Um dos instrumentos para proceder ao exorcismo é o “implicit association test”, inventado em Harvard, corria 1998. Fato: os pais do teste sempre fizeram uma distinção entre ter certas crenças (negativas) sobre pessoas ou minorias e praticar certas ações (negativas também) contra elas. A primeira asserção não conduz à segunda.
Mas se é possível cortar o mal pela raiz, produzindo um ser humano perfeito e limpo até nos seus pensamentos, por que não tentar?
Quando lia sobre o tema, sorri. E então pensei que o Brasil foi pioneiro nessa área quando, em 1882, produziu um dos primeiros documentos sobre distúrbios mentais camuflados.
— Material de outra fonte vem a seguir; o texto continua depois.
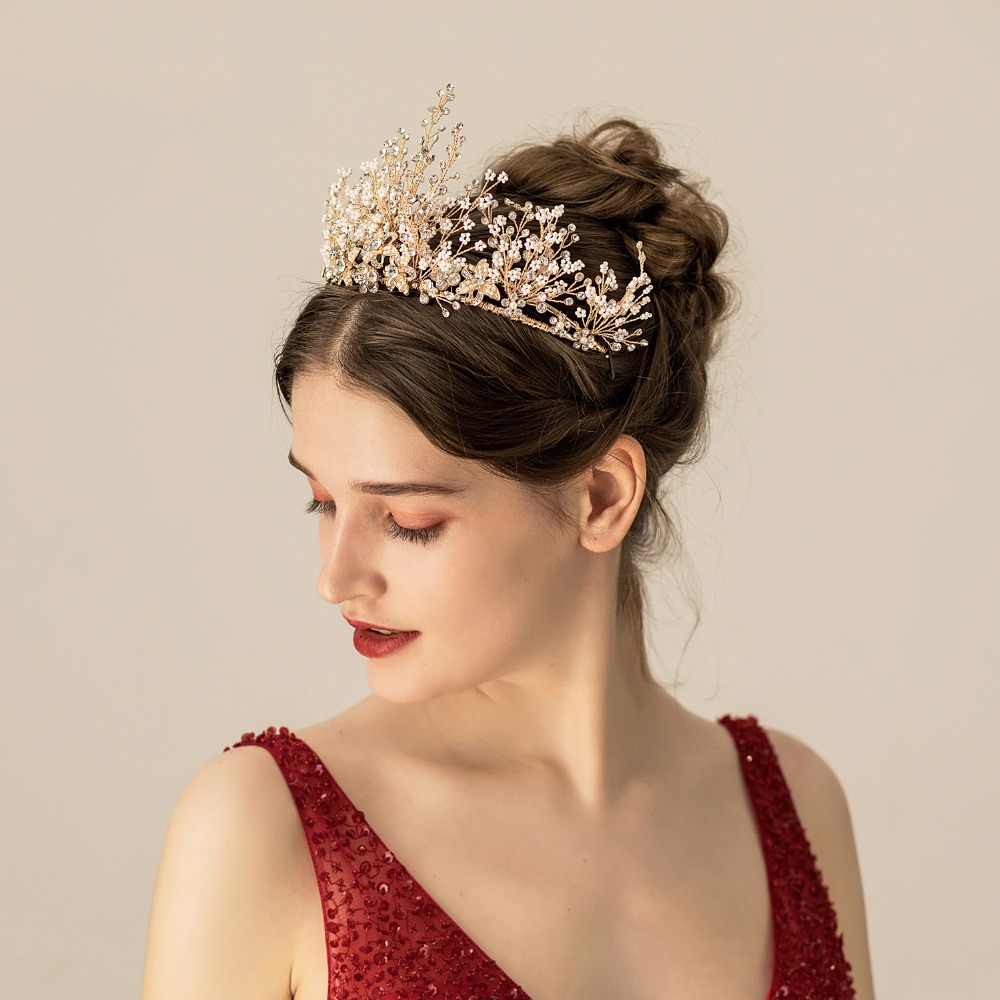 Multi-layer Rice Beads Rhinestone Bridal Headwear — foto 4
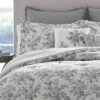 Laura Ashley Annalise Floral 100% Cotton Duvet Cover Bonus Set Gray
O autor dava pelo nome de Joaquim Maria, embora seja mais conhecido por Machado de Assis. O título do estudo? “O Alienista”.
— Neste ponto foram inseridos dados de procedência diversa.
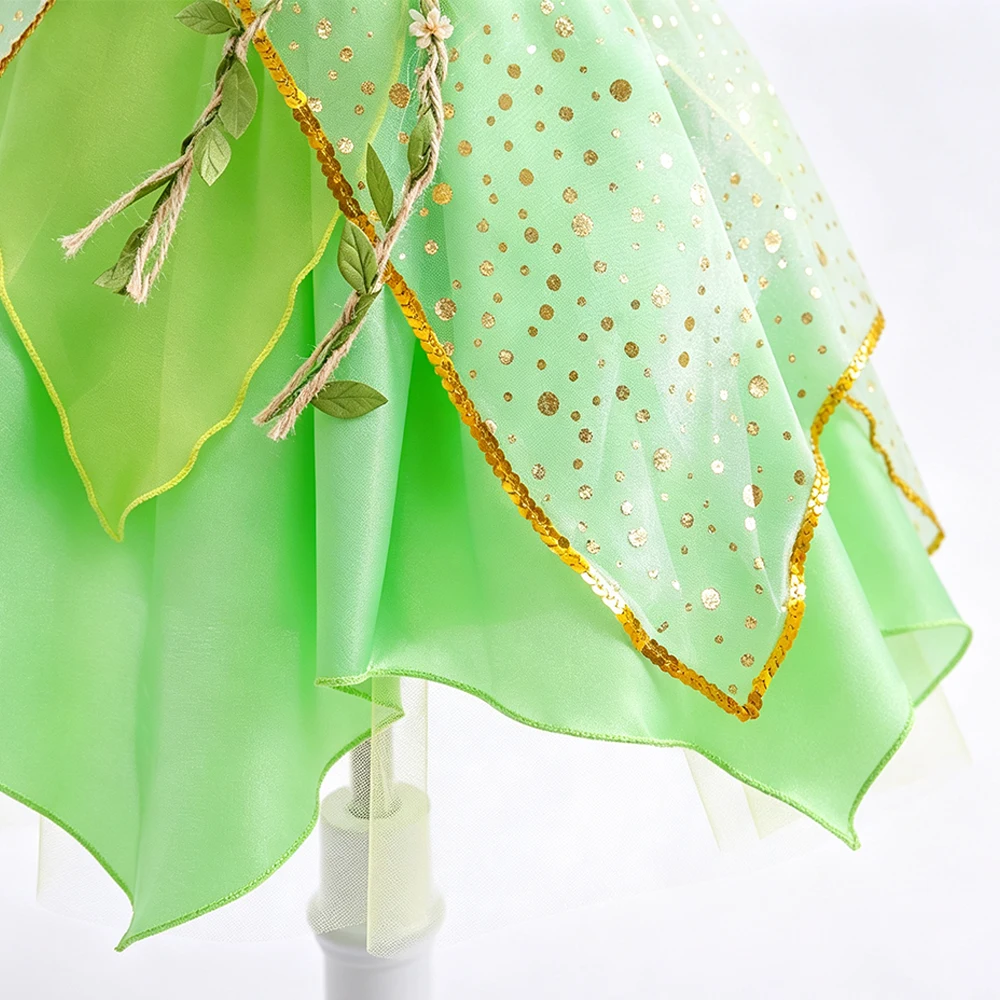 Grünes Feenkleid für Kinder mit Flügeln für Halloween, Karneval, Elfen-Cosplay-Kostüm, Geschenk 2-10 Jahre – Detail 8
Para os infelizes que nunca leram Machado (eu disse “infelizes”? Olha aí o preconceito intelectual!), é a história de um homem, Simão Bacamarte, que abandona uma carreira internacional para se dedicar à sua terra.
A terra é Itaguaí e o dr. Bacamarte tem um sonho: curar a loucura. Como tolerar a imagem decadente de loucos vagueando pelas ruas, sem salvação ou consolo? Esses são os “mansos”, explica o narrador. Os “furiosos” são trancados em casa e ali apodrecem até ao último suspiro.
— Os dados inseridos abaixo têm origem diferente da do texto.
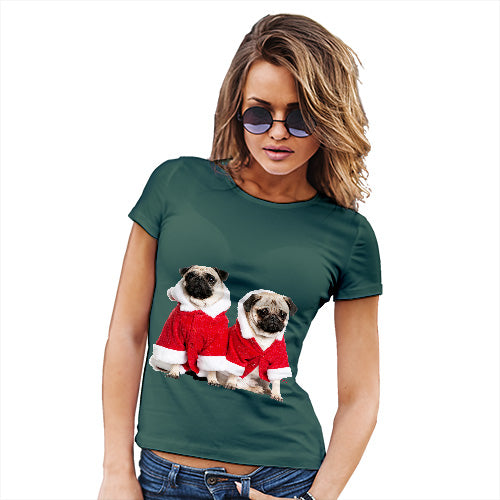 Christmas Pugs Santa Women's T-Shirt 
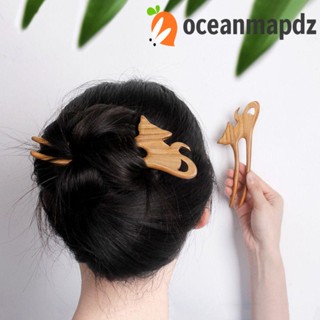 OCEANMAPDZ กิ๊บติดผมไม้จันทน์ รูปตัว U สไตล์เกาหลี วินเทจ เรโทร สําหรับเด็กผู้หญิง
Inconformado, Simão Bacamarte monta o seu hospício —a Casa Verde— e começa a internar os patológicos. Mas se o espírito humano é uma “concha”, como ele afirma, é preciso ir sempre mais fundo na busca da “pérola”, ou seja, da razão.
Rapidamente, o dr. Bacamarte passa dos patológicos para os suspeitos; dos suspeitos para os ambíguos; e dos ambíguos para qualquer um que mostre a mais leve imperfeição aos seus olhos. Até a mulher, santa criatura, lá vai parar ao manicômio: as suas preocupações com vestidos e joias são a revelação fatal de um cabeça arruinada.
A Casa Verde enche-se. Quase toda a terra ali está porque “o equilíbrio perfeito de todas as faculdades” é artigo raro, raríssimo.
Pelo menos, até ao momento em que o dr. Bacamarte questiona a sua própria teoria: será que a razão é mesmo “o equilíbrio perfeito de todas as faculdades”? Ou esse equilíbrio é a verdadeira manifestação de loucura, o que implica libertar os primeiros loucos e internar a população sã que restou?
Lendo “O Alienista”, percebemos como o dr. Bacamarte é um antepassado dos psicólogos modernos que procuram curar o “preconceito inconsciente”. Todos agem por amor ao próximo. Todos desconfiam da constância aparente. E todos gostariam de internar a humanidade em mil Casas Verdes, procurando a “pérola” escondida na “concha” enferma.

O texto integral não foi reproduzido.